The required output is the exact run of lines in the listing below from the line holding "And when we" through the line holding "Hello everyone. Today", with no pictures.

Data extracts |
== Segment start ==
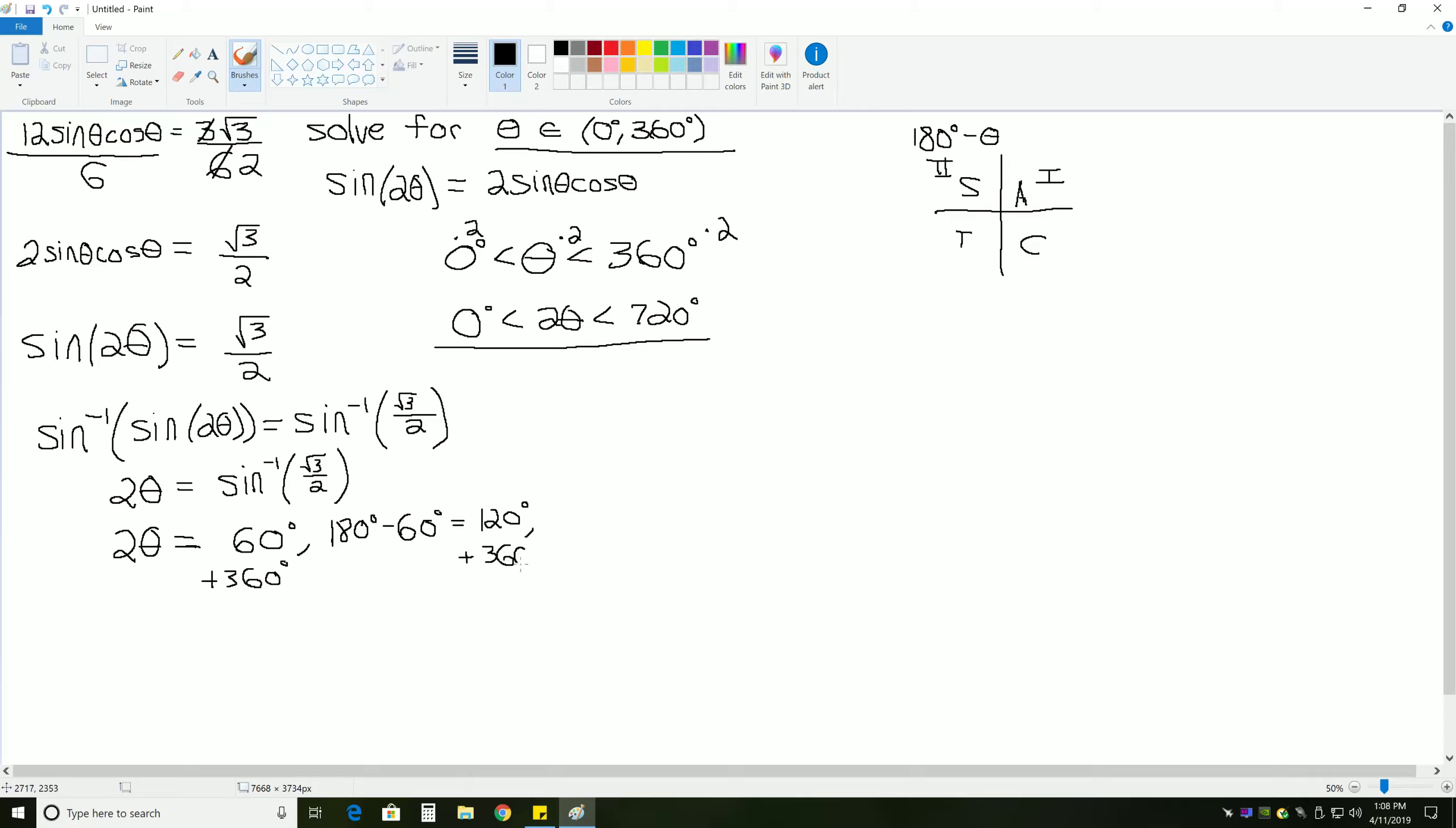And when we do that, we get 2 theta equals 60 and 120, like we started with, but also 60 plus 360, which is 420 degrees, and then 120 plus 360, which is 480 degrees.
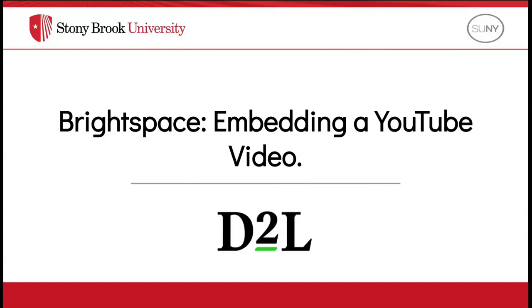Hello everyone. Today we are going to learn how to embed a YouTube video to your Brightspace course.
== Segment end ==
== Segment start ==
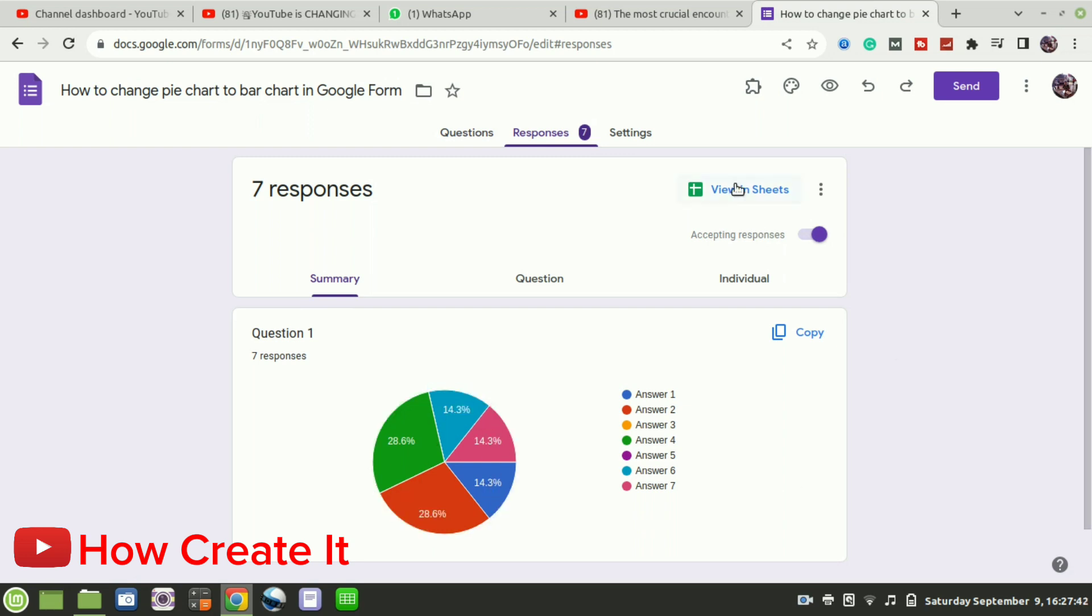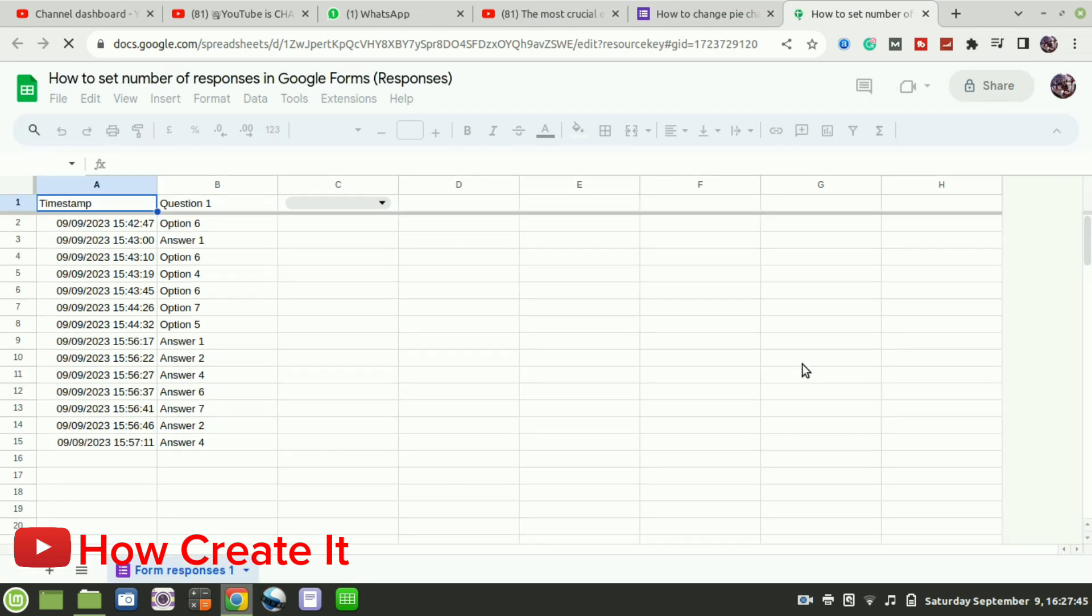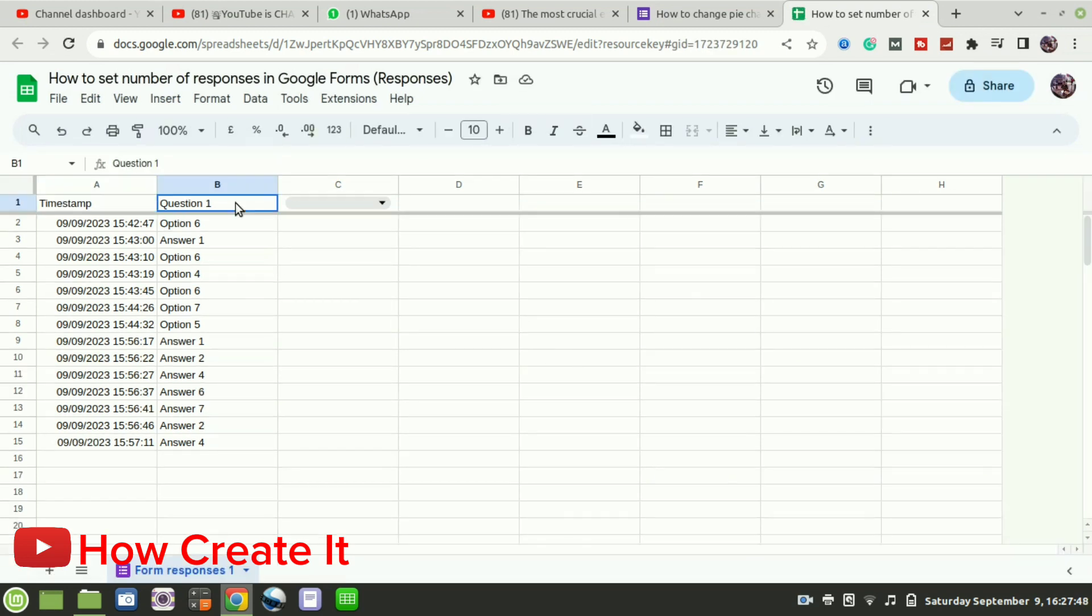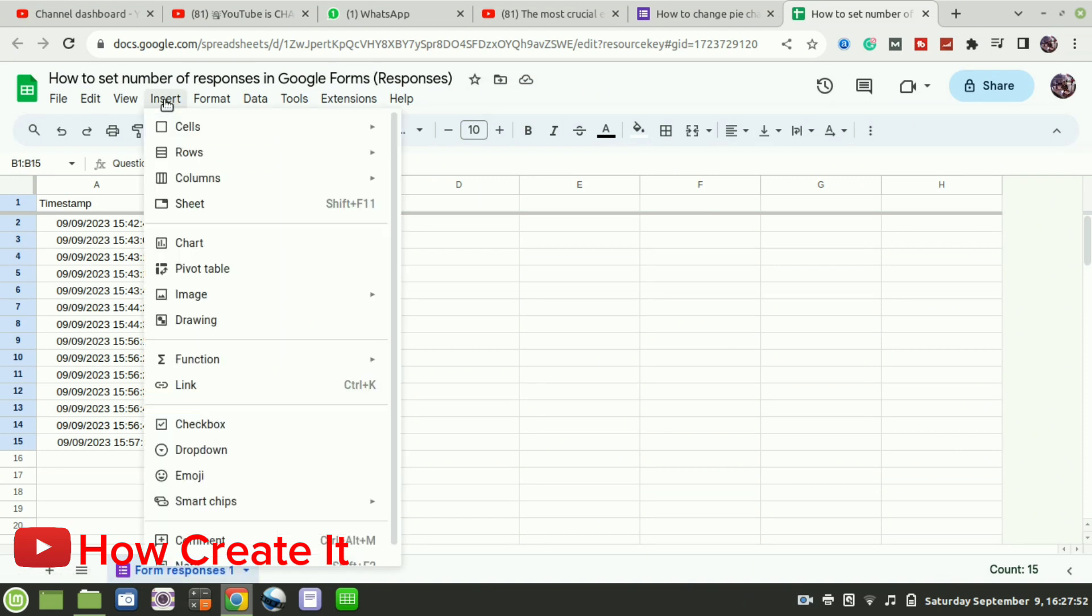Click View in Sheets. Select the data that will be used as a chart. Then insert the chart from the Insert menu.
== Segment end ==
== Segment start ==
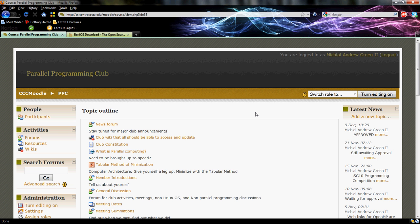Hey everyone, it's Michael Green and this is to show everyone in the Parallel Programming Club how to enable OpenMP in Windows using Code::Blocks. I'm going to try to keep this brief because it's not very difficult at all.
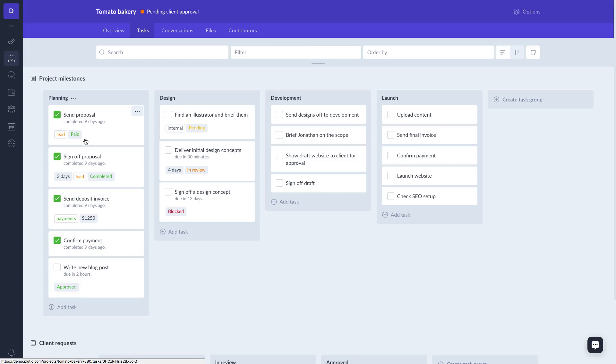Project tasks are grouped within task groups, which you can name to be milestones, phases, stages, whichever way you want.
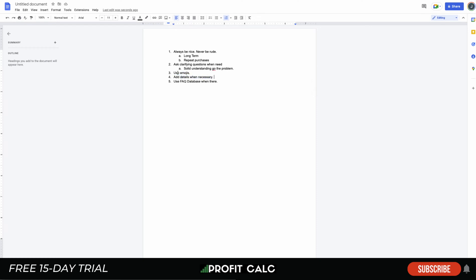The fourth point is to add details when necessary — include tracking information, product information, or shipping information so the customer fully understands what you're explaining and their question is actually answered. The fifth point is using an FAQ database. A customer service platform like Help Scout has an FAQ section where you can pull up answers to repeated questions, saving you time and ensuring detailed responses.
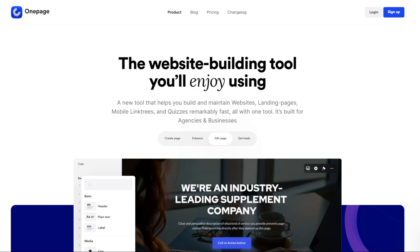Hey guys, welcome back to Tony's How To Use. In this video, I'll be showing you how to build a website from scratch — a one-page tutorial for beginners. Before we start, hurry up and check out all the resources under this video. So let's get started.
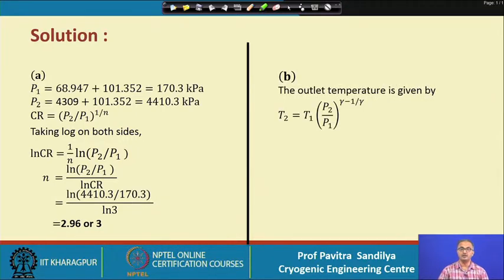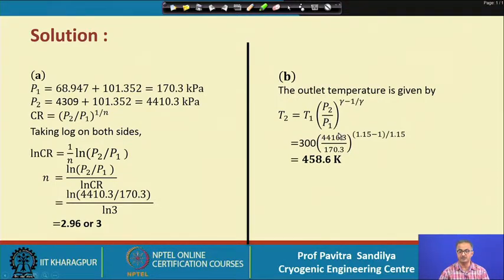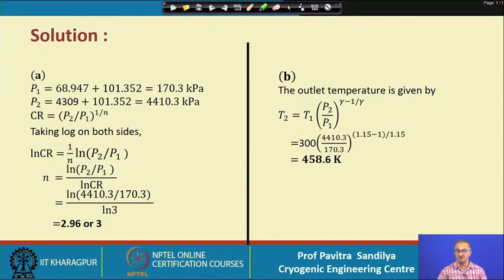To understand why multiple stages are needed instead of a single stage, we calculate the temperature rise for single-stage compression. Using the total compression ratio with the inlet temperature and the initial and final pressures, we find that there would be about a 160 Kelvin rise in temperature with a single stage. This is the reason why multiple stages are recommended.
== Segment end ==
Problem solution |
And when we do that, we get 2 theta equals 60 and 120, like we started with, but also 60 plus 360, which is 420 degrees, and then 120 plus 360, which is 480 degrees.
Hello everyone. Today we are going to learn how to embed a YouTube video to your Brightspace course.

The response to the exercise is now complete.